Yeshuaisiam, can I ask -- is it the idea of any barrier between the altar and the nave whatsoever that is problematic, or is it only a barrier which substantially blocks the view of the altar and/or is covered in iconography?
In short, would a simple rope barrier cause you the same consternation?
I am not asking facetiously -- I think your answer will help us shape a response or help you find what you're looking for in the responses already offered.
It's the idea of a barrier period. I've seen many Eastern Orthodox churches. I've seen many full blown churches with "iconostasises" to little home churches with just a couple icons used as a "sort of iconostasis", all the way to absolutely no iconostasis.
Yes, why the barrier itself be it a rope or iconostasis. The barrier that separates? Its the concept that it was never used by the church fathers or the apostles. It's not that I'm "against" it, but more like "what's the point of it and how does it help our faith & worship" along with "why was it incepted, used, and when"?
Perfectly good answers to your question have already been provided. If you are of a mind that the Church should not do or believe anything that is not proscribed in the New Testament, you would be one of many Protestant sects.
My friend, that is not how a family, a Church that is the Body of Christ, would work. I am of one mind with Father Schmemann of blessed memory and "always question" everything, but like Father Alexander, I do so within the framework of the Church, Her Holy Tradition. I try to figure out what is essential, even if it is not present in the Holy Scriptures, try to discern the principles and then interpret beliefs and practices in their light. The Holy Scriptures play the greatest part in this quest of discerning what is Tradition with a capital "T" and merely pious custom--that is, tradition with a small "t".
So, given the Holy Scriptures, archeological and historical evidence, the writings of the Early Fathers, our liturgical practices, icons, and architectural developments over the centuries, I believe that there was indeed four distinct (may be even five) areas in the early churches, that were patterned on the Temple.
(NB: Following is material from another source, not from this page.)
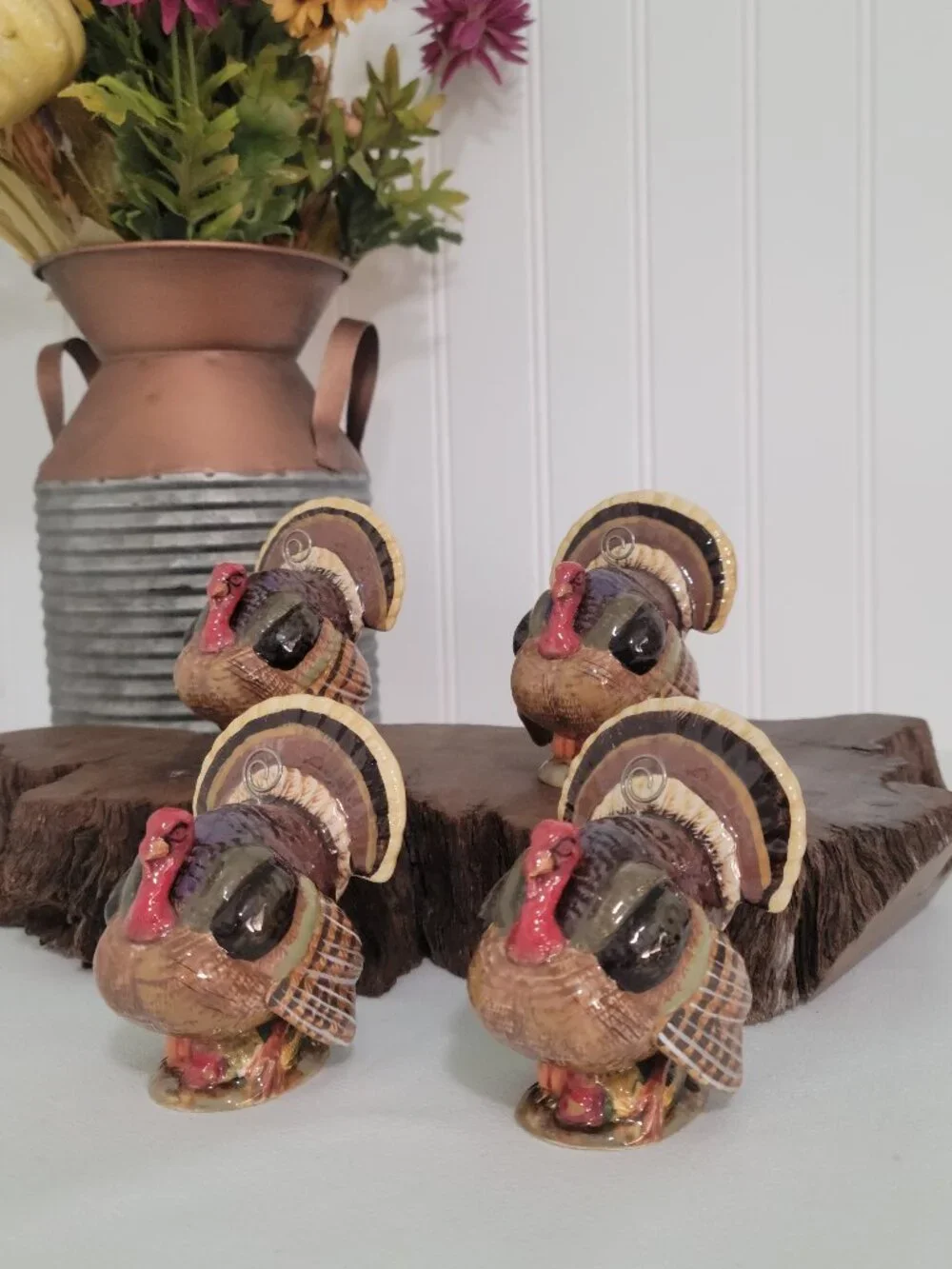 Vtg Dept. 56 Kitschy Fall Harvest Thanksgiving Turkey Placecard Holders-Set 4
It appears that the icon stand developed over the centuries in line with the original practice and principles: A Holy of Holies, a place for worshipers, another for catechumens, and a baptistry. It is true that the icon stand became more like a solid wall, and actually grew in height over the centuries. No matter, the pattern and the principles were not altered materially. Therefore, I would be just as much "at home" in a Church that had only curtains, true icon stands with no doors whatsoever, or a Slavic type that has all the latest bells and whistles, so to speak. An analogy may be an automobile: all kinds of styles but essentially the same machine, no?
So, why bother yourself with what is a matter of not ultimate consequence? There always was an altar, an area that was set aside, our Christian Holy of Holies, that was restricted to those who had a need to be there. If you feel the need to be there, perhaps you should pray to the Lord for a calling.
The real problem here may be your unwillingness to accept an authority higher than yourself, or an authority between you and God. Again, if you are to be a member of this family, perhaps a starting rule ought to be to defer to the family, or at least to consider her stance before you decide to form your own path. I pray that the Lord is with you on your spiritual journey and that His Will be done.